Si le philosophe se nourrira de la pensée, l’esthète admirera la scénographie qui vaut le déplacement à elle seule. Chaque acte possède son identité et son pouvoir d’émotion: réalisme et pure beauté visuelle pour le premier (une forêt dense, la nuit), audace et sensualité pour le deuxième (une chambre d’une froideur et d’une blancheur cliniques), originalité et humanité pour le troisième (une foule sous un ciel étoilé). Le premier acte est le seul qui suscite une impression mitigée, malgré l’exploit qu’il représente – les arbres disparaissent « comme neige au soleil » pour laisser place à la cérémonie. Se déroulant la plupart du temps dans la pénombre, il n’évite pas le ridicule: un canot pneumatique (sic), des bûcherons munis de brouettes, des chevaliers dissimulés sous un feuillage comme s’ils se prenaient pour la forêt de Birnam. L’idée de représenter Klingsor en chef d’orchestre (« magicien maléfique qui [dirige] la musique des émotions») relève du gag mais il se justifie a posteriori. Dénudées, l’une d’elles exposant ses parties génitales sans pudibonderie (« sexe féminin de la mère comme [...] centre glacé et immobile du drame »), les filles-fleurs sont incarnées par des contorsionnistes qui réalisent une chorégraphie d’un effet stupéfiant. Certaines sont ligotées à la Shibari et suspendues « comme des objets de pure contemplation spirituelle ». Que le lecteur se rassure, la partie vocale est assurée par des chanteuses dissimulées sous les loges royales. Le dernier acte fait l’économie d’un décor puisque la scène, baignant dans le noir, est occupée par une foule d’une centaine de personnes, toutes des figurants bénévoles parmi lesquels se mêlent les membres des Chœurs de la Monnaie qui effectuent d’ailleurs une prestation de premier ordre. Ces hommes et femmes de tous âges marchant (sur un tapis roulant hélas bruyant) en direction des spectateurs constituent une des nombreuses images fortes de ce Parsifal hors norme qui pourrait avec le temps compter parmi les productions légendaires de ce chef-d’œuvre. Prenons-en les paris.

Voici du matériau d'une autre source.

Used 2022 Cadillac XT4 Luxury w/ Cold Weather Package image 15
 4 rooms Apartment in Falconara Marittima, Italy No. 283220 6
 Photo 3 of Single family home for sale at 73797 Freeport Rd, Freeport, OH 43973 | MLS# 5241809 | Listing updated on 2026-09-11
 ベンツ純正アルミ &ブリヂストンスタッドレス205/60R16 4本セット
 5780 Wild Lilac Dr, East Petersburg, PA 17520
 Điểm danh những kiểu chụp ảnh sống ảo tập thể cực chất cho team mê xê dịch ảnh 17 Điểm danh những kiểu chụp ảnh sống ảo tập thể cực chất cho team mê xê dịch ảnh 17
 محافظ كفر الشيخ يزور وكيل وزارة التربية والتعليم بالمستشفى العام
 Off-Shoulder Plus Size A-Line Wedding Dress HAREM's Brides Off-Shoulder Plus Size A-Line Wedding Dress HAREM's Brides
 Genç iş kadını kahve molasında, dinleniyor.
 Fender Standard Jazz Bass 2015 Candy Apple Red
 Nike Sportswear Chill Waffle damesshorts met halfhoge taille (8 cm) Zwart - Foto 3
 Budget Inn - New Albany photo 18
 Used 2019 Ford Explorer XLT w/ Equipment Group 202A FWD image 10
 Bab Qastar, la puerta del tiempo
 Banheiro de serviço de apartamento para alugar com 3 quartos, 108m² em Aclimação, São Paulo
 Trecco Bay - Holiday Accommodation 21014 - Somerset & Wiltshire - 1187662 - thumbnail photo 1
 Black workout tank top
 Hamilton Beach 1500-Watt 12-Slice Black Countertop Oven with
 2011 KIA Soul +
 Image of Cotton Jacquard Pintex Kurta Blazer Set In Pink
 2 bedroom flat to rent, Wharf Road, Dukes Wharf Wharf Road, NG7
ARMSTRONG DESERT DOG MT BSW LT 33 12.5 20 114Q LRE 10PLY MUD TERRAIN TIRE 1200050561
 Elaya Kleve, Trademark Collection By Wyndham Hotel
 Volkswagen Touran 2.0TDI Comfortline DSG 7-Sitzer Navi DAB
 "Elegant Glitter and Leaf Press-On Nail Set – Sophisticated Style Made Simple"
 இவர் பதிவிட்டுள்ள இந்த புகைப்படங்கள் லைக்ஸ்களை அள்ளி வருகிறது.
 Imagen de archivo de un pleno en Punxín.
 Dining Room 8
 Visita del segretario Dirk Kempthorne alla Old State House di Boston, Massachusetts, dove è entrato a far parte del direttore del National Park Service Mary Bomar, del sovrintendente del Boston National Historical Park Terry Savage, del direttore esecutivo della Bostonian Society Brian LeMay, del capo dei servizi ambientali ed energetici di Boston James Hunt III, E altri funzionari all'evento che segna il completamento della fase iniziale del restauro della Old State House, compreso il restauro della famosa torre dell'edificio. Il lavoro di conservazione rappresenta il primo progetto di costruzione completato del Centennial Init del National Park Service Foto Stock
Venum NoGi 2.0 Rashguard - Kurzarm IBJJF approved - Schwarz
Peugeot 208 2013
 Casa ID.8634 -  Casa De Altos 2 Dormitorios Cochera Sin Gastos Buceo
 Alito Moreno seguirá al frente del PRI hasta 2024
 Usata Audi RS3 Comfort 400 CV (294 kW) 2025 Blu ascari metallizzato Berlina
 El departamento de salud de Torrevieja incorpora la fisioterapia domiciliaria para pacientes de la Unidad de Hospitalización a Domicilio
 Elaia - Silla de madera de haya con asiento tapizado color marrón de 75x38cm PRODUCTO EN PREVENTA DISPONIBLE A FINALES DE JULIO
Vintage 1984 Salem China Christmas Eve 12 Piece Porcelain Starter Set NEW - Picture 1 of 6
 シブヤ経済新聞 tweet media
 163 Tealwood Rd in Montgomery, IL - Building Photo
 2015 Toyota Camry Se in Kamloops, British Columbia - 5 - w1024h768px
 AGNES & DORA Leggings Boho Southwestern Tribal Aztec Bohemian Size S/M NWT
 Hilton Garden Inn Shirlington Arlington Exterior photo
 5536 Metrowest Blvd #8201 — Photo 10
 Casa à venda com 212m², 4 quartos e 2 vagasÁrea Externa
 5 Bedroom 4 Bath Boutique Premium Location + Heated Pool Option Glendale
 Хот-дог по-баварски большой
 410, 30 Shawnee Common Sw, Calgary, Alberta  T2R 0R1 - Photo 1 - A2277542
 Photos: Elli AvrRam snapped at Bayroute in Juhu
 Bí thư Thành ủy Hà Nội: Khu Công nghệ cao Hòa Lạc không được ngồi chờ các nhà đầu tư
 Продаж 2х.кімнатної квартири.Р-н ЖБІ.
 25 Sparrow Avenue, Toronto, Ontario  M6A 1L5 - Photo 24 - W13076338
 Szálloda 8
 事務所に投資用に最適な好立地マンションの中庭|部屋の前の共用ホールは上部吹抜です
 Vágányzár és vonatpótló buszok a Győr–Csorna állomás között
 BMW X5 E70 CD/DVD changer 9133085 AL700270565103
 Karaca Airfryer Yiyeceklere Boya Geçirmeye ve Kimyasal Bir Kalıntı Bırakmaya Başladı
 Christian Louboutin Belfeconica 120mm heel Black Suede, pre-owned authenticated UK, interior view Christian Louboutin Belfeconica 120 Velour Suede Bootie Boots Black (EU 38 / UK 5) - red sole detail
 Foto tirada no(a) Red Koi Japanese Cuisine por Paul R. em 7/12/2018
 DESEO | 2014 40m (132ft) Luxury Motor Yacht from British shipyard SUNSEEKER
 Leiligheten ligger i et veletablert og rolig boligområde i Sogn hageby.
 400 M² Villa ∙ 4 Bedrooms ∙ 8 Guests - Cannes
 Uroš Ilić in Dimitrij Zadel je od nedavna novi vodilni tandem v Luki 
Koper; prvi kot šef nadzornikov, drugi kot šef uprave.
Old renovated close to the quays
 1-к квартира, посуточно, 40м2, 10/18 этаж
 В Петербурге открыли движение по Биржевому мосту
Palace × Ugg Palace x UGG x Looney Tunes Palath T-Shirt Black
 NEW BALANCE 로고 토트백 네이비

La question des tempi se pose à chaque production du Bühnenweihfestspiel. Ni étirés ni ramassés, ceux pour lesquels opte Hartmut Haenchen, fidèle selon ses dires aux indications de Wagner, semblent toujours naturels, ce qui porte malgré tout la durée de la représentation à quatre heures et cinquante minutes, entractes compris. Fort de sa longue fréquentation de cette partition-fleuve, le chef bénéficie d’un Orchestre symphonique de la Monnaie éblouissant: homogène, précis et nuancé, il livre une prestation de rêve et constante. Le public ne s’y trompe pas puisqu’il leur accorde une chaleureuse ovation lors des saluts mais aussi avant les deuxième et troisième actes. Le rythme de la représentation nécessite un jeu scénique évidement bien peu sportif mais tout en intériorité, ce que réalise la distribution qui comporte quelques prises de rôle réussies. De même que Tómas Tómasson (Klingsor), le formidable Thomas Johannes Mayer confère plus de puissance et de relief à son personnage (Amfortas) qu’Anna Larsson, Kundry malgré tout supérieurement tenue, en particulier dans un deuxième acte accompli. Ténor wagnérien en devenir, Andrew Richards a endossé le rôle-titre pour la première fois la saison dernière au Staatstheater de Stuttgart: habillé en monsieur-tout-le monde, manches de chemise retroussées, il incarne un pur innocent, respectant en cela l’origine étymologiquement de son nom. Du côté des vétérans, Jan-Hendrik Rootering compose un Gurnemanz d’une belle épaisseur, malgré une voix usée mais encore solide, tandis qu’il faut citer l’intervention certes anecdotique de Victor von Halem dans le rôle de Titurel.